Output the data in full. Keep every word exact and exclude the pictures.

[Image-text web data]
+--

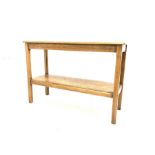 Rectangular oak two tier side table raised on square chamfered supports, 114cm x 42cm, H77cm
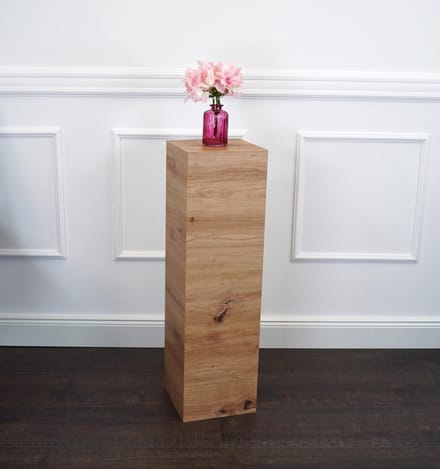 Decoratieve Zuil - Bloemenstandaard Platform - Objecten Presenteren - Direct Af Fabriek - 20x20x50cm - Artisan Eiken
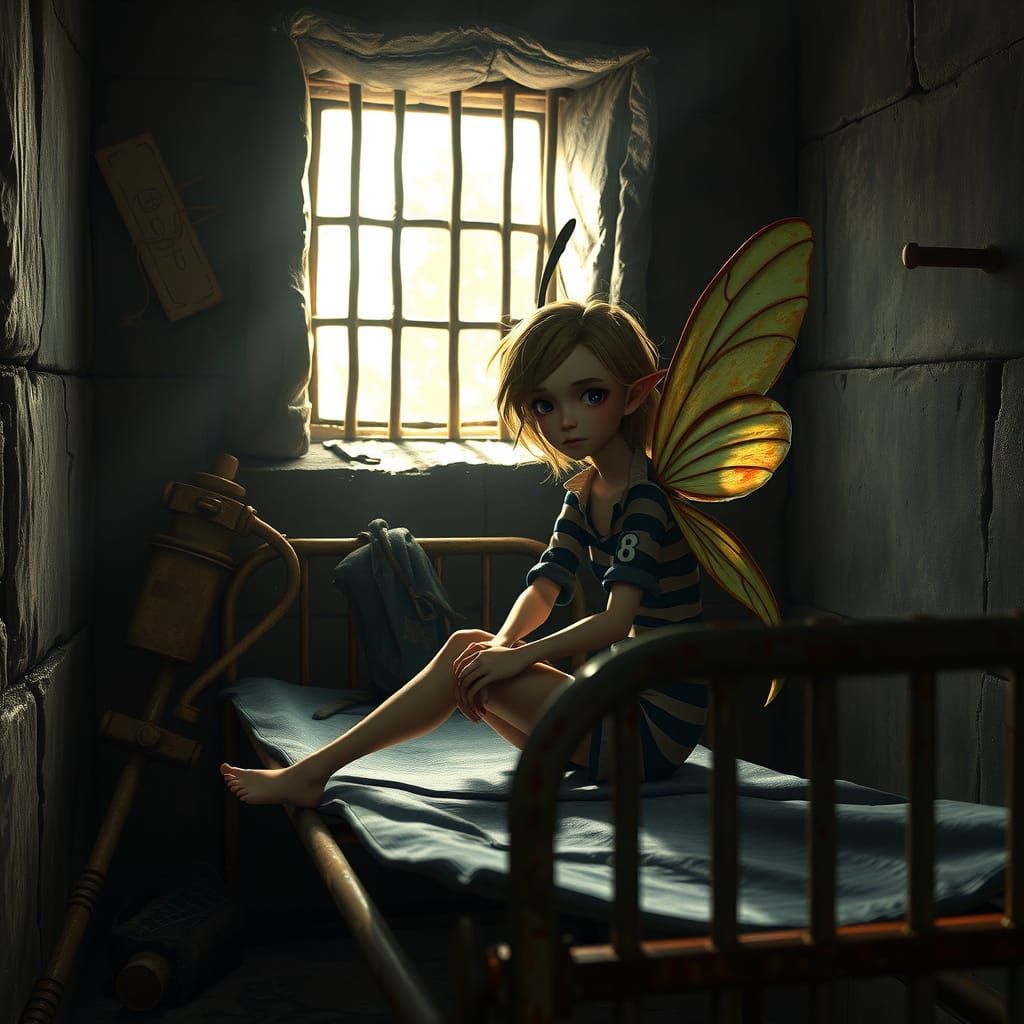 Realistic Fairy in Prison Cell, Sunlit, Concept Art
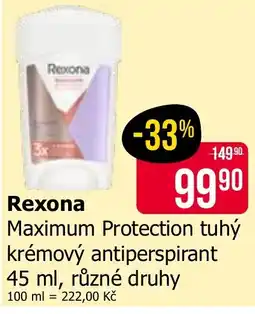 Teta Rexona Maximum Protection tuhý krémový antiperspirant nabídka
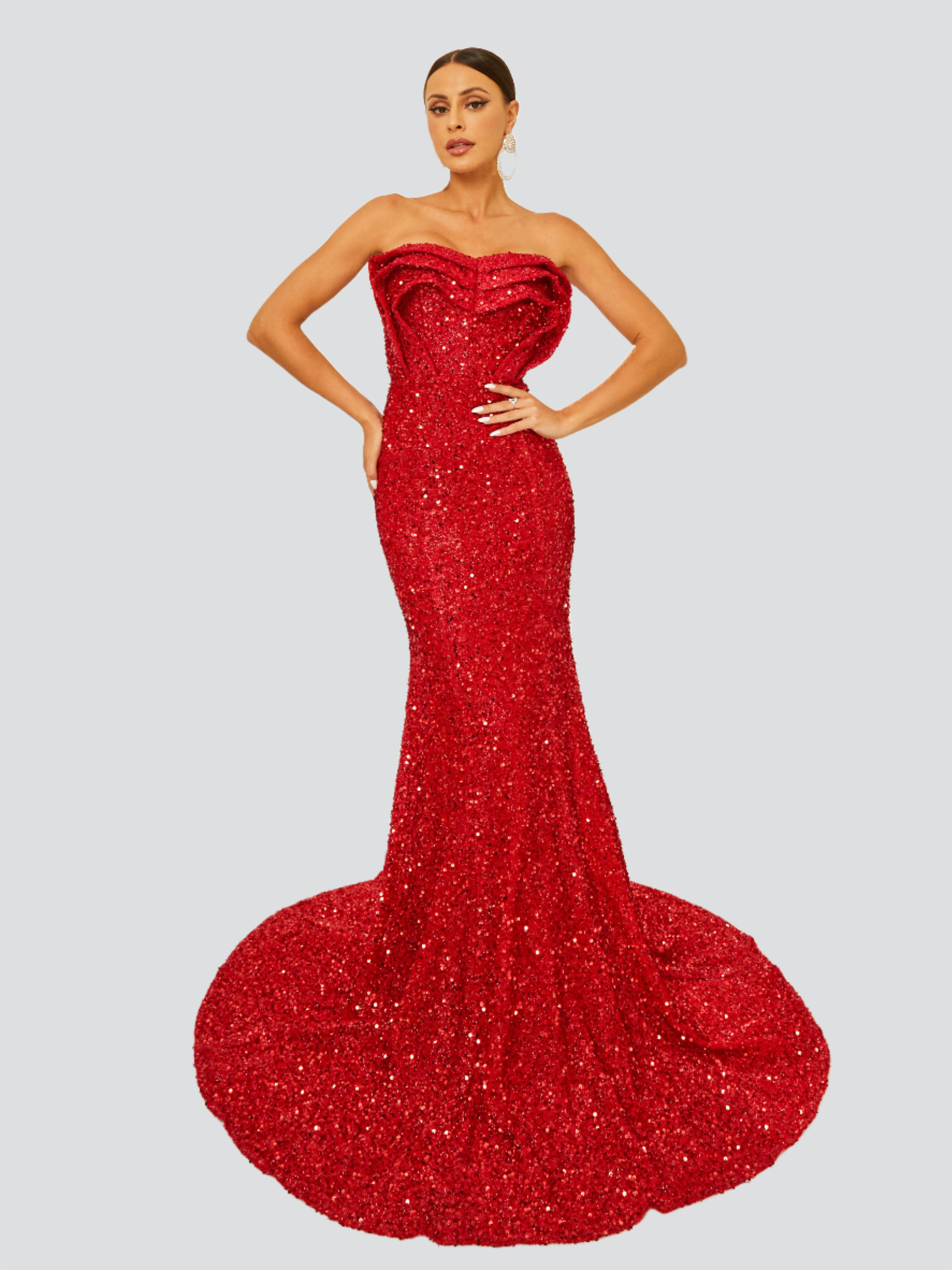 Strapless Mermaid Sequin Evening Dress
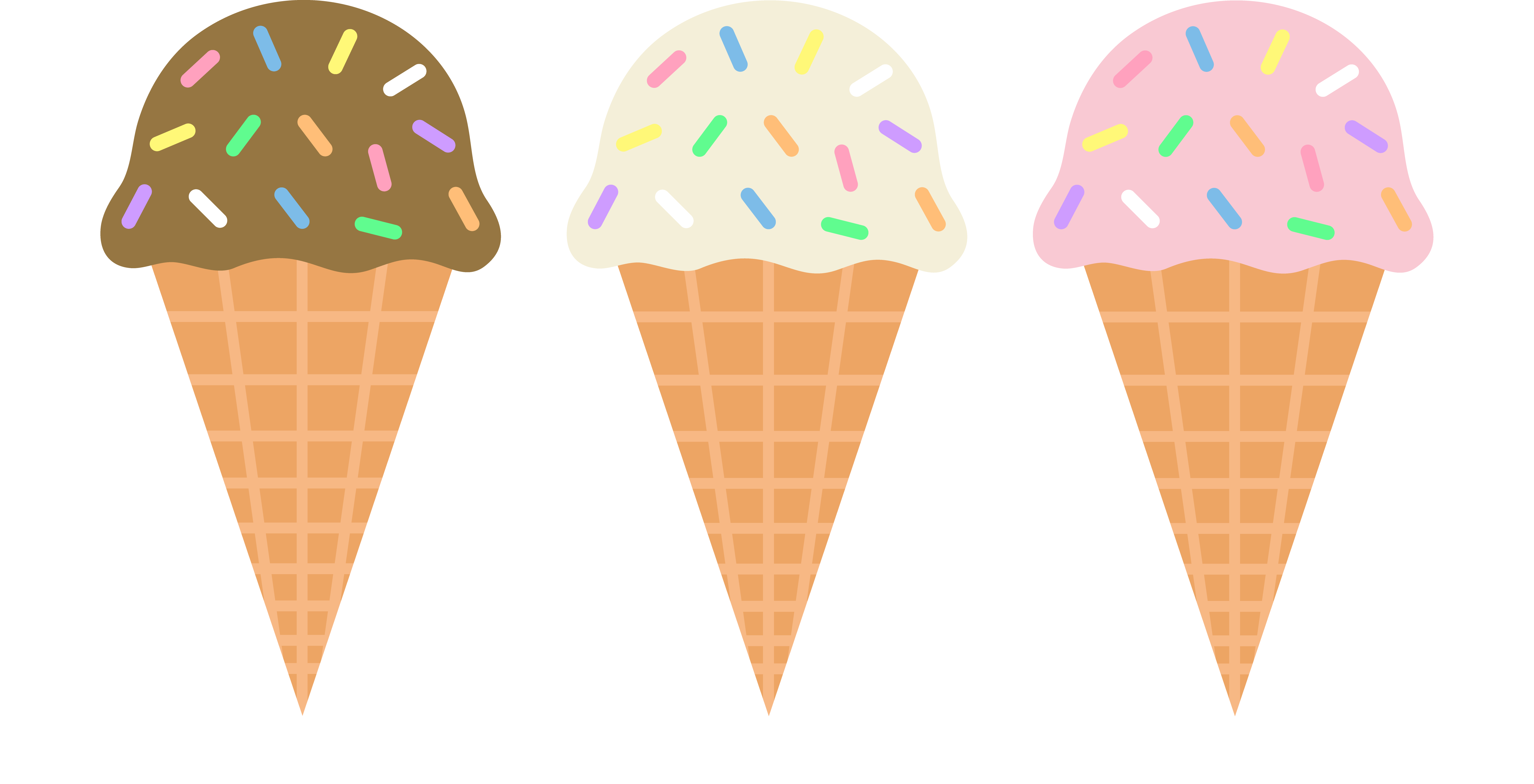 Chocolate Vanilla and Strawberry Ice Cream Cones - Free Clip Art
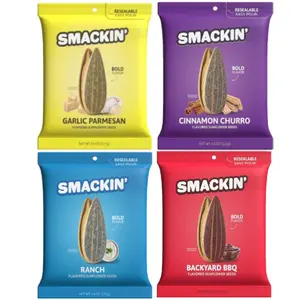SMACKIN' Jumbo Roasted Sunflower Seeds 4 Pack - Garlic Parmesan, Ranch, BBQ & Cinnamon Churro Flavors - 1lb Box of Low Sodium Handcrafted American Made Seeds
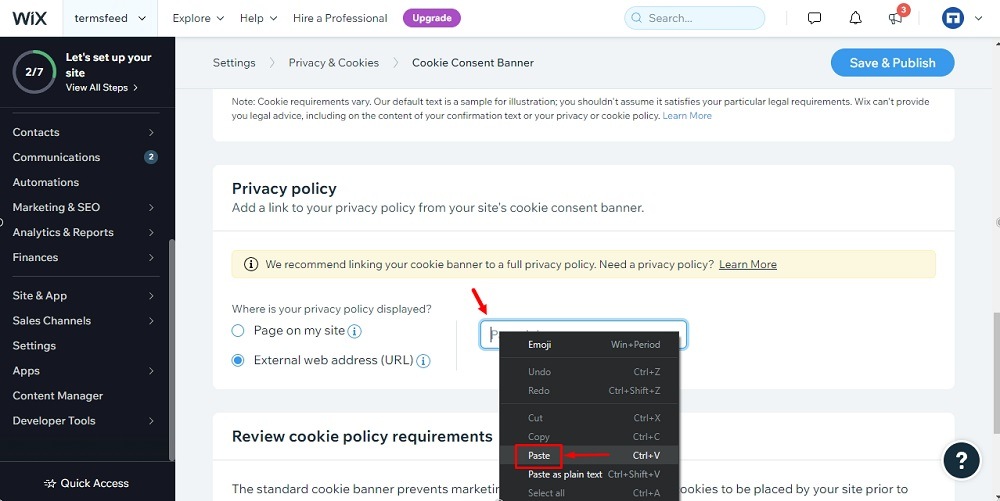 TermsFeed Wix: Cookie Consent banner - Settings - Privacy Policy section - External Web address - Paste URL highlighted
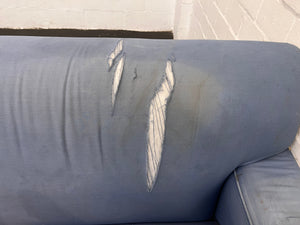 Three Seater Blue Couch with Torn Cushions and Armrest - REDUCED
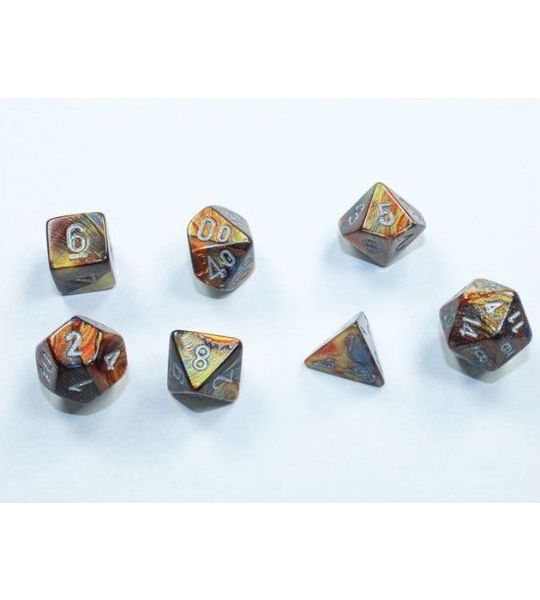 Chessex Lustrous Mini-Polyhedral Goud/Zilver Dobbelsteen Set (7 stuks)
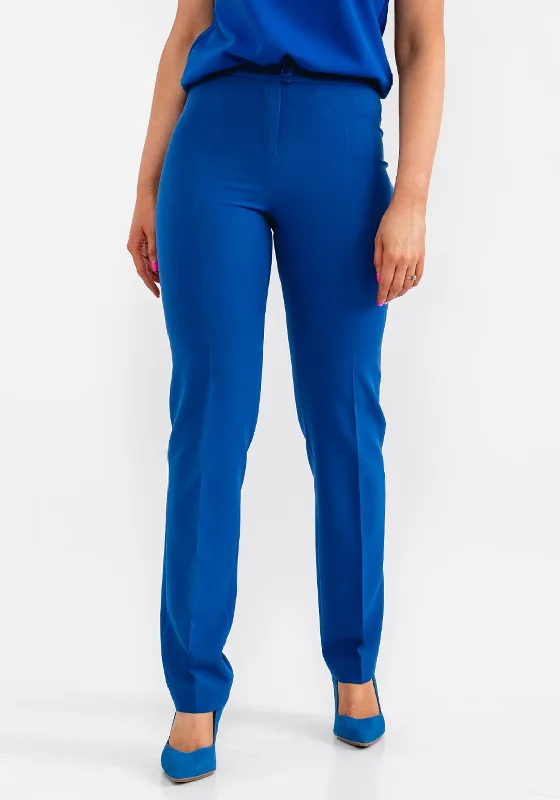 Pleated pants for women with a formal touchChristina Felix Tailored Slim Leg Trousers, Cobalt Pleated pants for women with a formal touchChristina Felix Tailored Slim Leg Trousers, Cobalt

+--

## Problem solution
 Rectangular oak two tier side table raised on square chamfered supports, 114cm x 42cm, H77cm
 Decoratieve Zuil - Bloemenstandaard Platform - Objecten Presenteren - Direct Af Fabriek - 20x20x50cm - Artisan Eiken
 Realistic Fairy in Prison Cell, Sunlit, Concept Art
 Teta Rexona Maximum Protection tuhý krémový antiperspirant nabídka
 Strapless Mermaid Sequin Evening Dress
 Chocolate Vanilla and Strawberry Ice Cream Cones - Free Clip Art
SMACKIN' Jumbo Roasted Sunflower Seeds 4 Pack - Garlic Parmesan, Ranch, BBQ & Cinnamon Churro Flavors - 1lb Box of Low Sodium Handcrafted American Made Seeds
 TermsFeed Wix: Cookie Consent banner - Settings - Privacy Policy section - External Web address - Paste URL highlighted
 Three Seater Blue Couch with Torn Cushions and Armrest - REDUCED
 Chessex Lustrous Mini-Polyhedral Goud/Zilver Dobbelsteen Set (7 stuks)
 Pleated pants for women with a formal touchChristina Felix Tailored Slim Leg Trousers, Cobalt Pleated pants for women with a formal touchChristina Felix Tailored Slim Leg Trousers, Cobalt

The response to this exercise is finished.